Dataset extract:
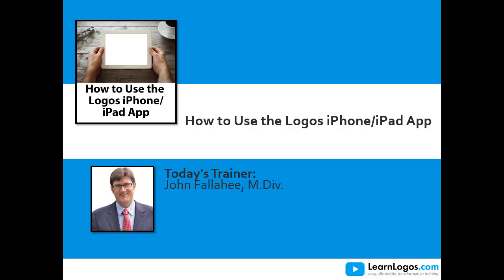Welcome to tonight's webinar on how to use the Logos iPhone and iPad app.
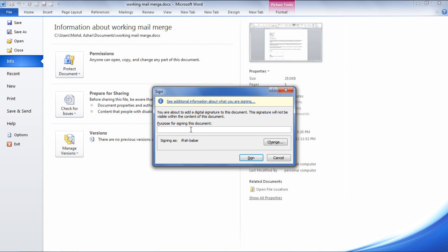Once done, a window pops up where you have to enter the Purpose for Signing the Document in the given field. Now press the Sign button to continue.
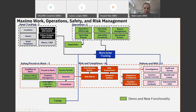This is the HSE module map showing four main application modules: operations, safety, risk, and defects. We're going to concentrate on the areas in green today. If we do further webinars throughout the year, we could probably do one just on risk and one on investigation. We'll try to touch as much as we can in the hour, but we will be going through mainly the operations-type applications.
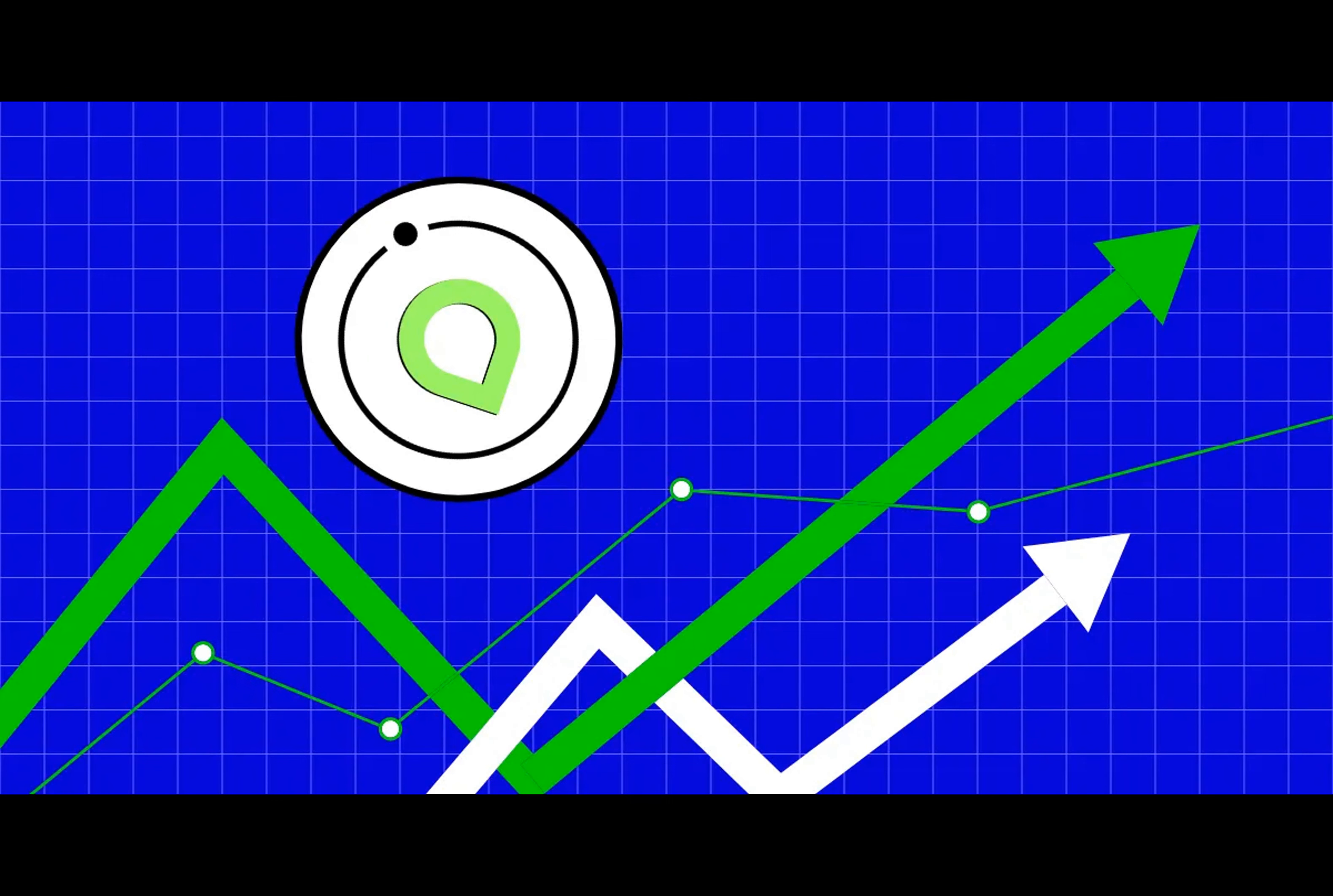Have you ever wondered if ShaCoin, a cryptocurrency, is making waves in the market? Let's dive in and explore its recent price action.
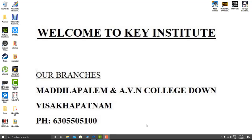Welcome to Key Institute. My branch is Madhila Palam Maryu, AVN College, Vishakhapatnam. My phone number is 630-550-5100.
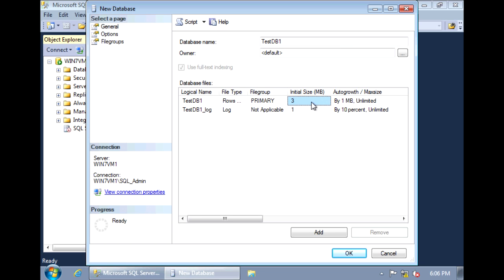And we could change these values. If we want, say, we know the database is going to be very large, we could, right off the bat, give it 20 gigs. So I'm just going to leave it as the default.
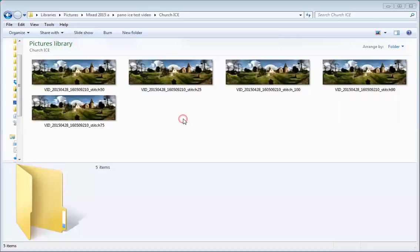In this shorter video we're going to be looking at the resultant files that come out of Microsoft ICE and their sizes.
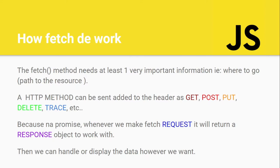When the Fetch API makes a request, your computer sends a request and receives a response. That response comes back as an object. Once you get that response, you can do anything you want with it - transform the data, display it however you want.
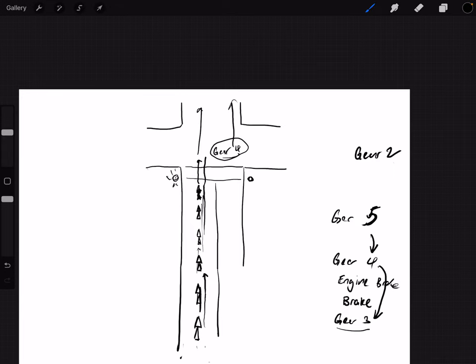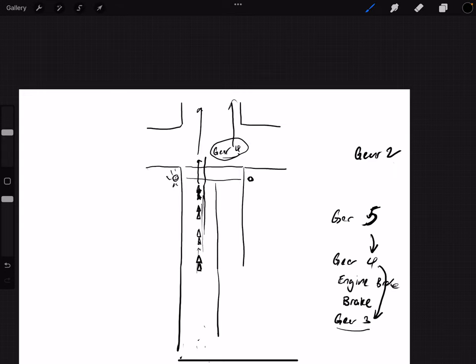For junctions without five arrows, when you approach any junction you shouldn't be in gear five — always anticipate any situation. Don't speed like outside drivers. When you see a junction ahead, release the accelerator when you see the three arrows in front. Change down from gear five to four, then near the third arrow change down to gear three, and see if it's favorable to move forward.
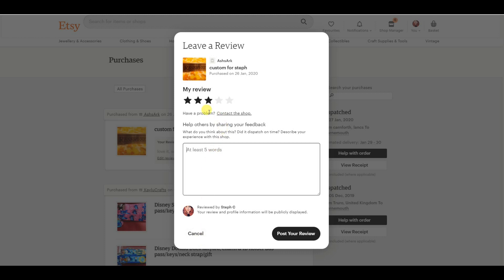And I would also very much encourage you to, if you do have a problem, please contact your shop first. But obviously if you are changing your review, then you've already done that and it's all hunky dory.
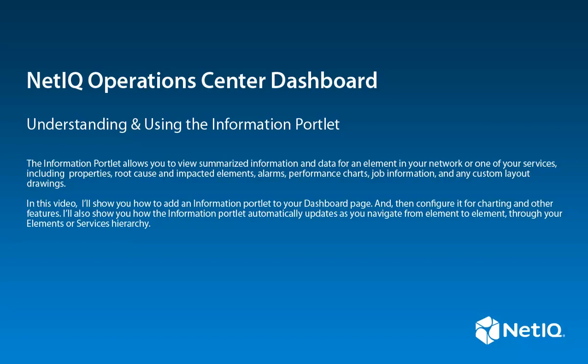I will show you how to add an Information Portlet to your dashboard page. Then you can configure it for charting and other features. I'll also show you how the Information Portlet automatically updates as you navigate from element to element through your elements or service model hierarchy.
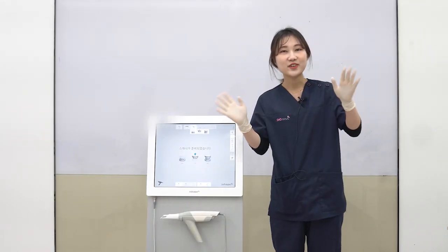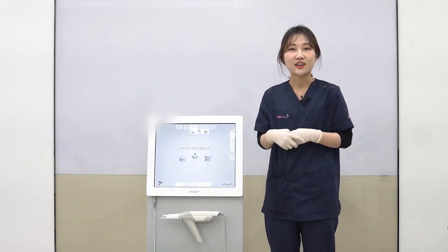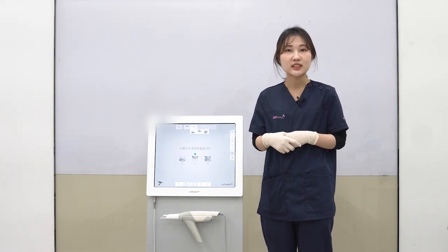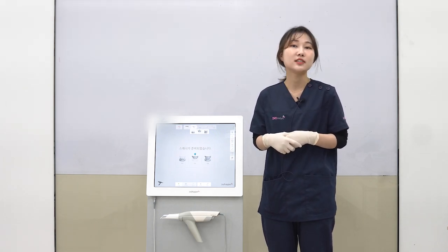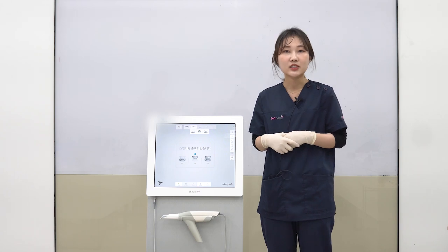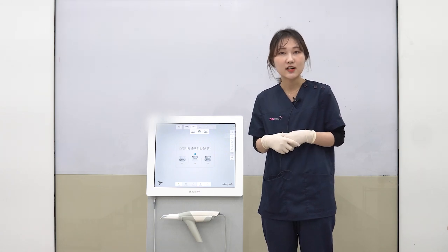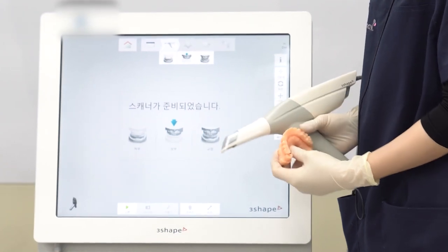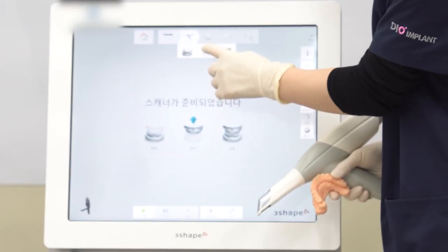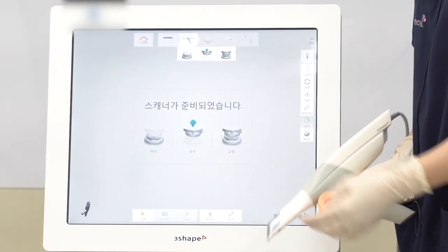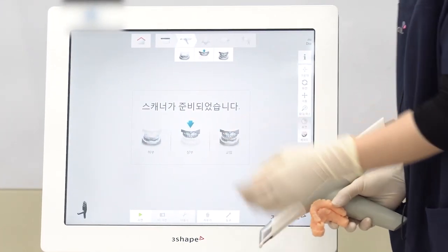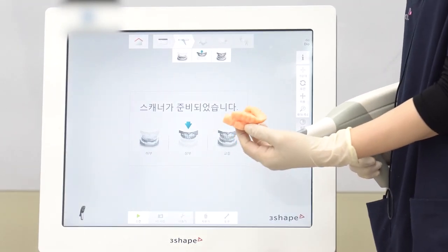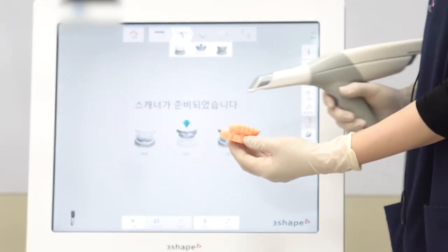Hello, today I am going to explain to you how to scan a full arch that has remaining teeth. First, we will scan the opposing teeth. Click on the maxillary and make sure the scanner is ready. Let's begin scanning. You can start scanning with the occlusal surface.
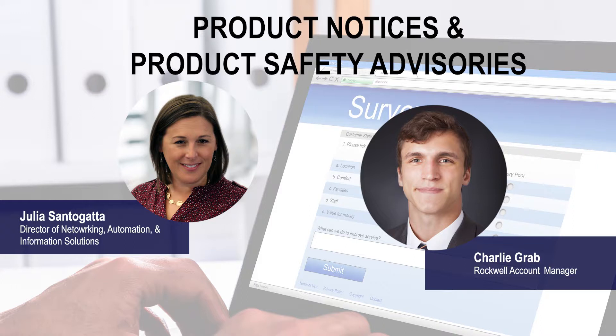So Charlie, can you show our customers how they might go about getting that information? Sure thing, Julia. A great way to get this information is to subscribe to notifications through Rockwell Automation's knowledge base, and I'll show you how.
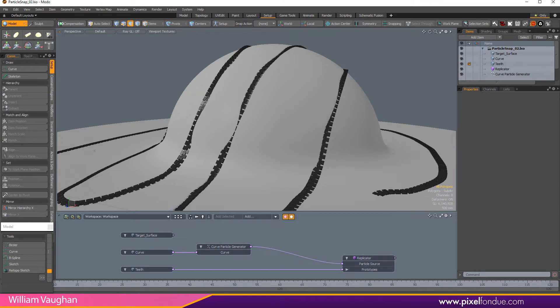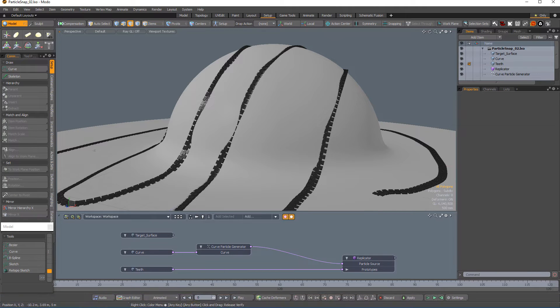William Vaughn here with a quick introduction to the Particle Snap Modifier in Modo. The Particle Snap Modifier uses ray casting to project particles onto a surface and orients them based on the normal of the surface.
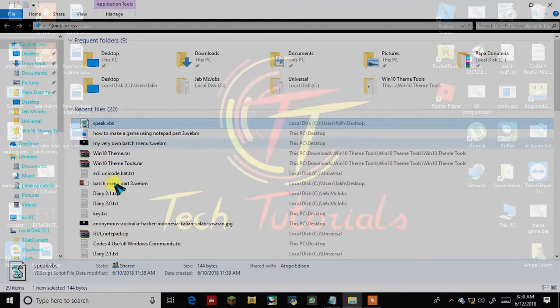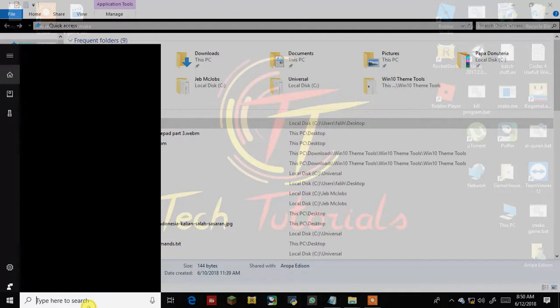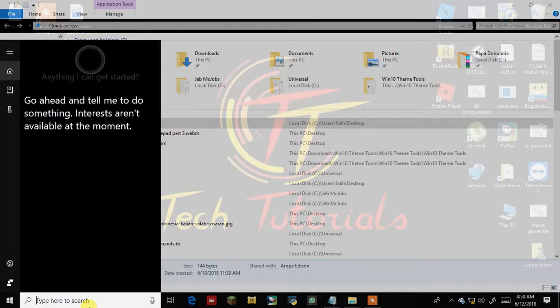Hello guys, it's Duke Nukem here, and I'm going to show you how to make a web browser using Notepad.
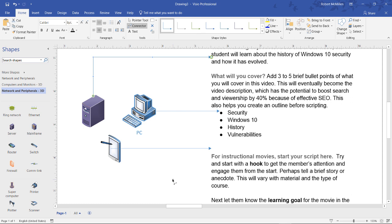Instead of choosing New, you could choose Insert from File, and then that would choose a file that's already been created. And you can paste that in as well, and it'll look exactly like it does here. So that is how you insert a Word document into Visio 2019.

Task requirements:
When you reach the line containing "So Charlie, can" in the records above, write out that line and every line after it through the end, exactly, but omit the pictures.

Expected output:
So Charlie, can you show our customers how they might go about getting that information? Sure thing, Julia. A great way to get this information is to subscribe to notifications through Rockwell Automation's knowledge base, and I'll show you how.
William Vaughn here with a quick introduction to the Particle Snap Modifier in Modo. The Particle Snap Modifier uses ray casting to project particles onto a surface and orients them based on the normal of the surface.
Hello guys, it's Duke Nukem here, and I'm going to show you how to make a web browser using Notepad.
Instead of choosing New, you could choose Insert from File, and then that would choose a file that's already been created. And you can paste that in as well, and it'll look exactly like it does here. So that is how you insert a Word document into Visio 2019.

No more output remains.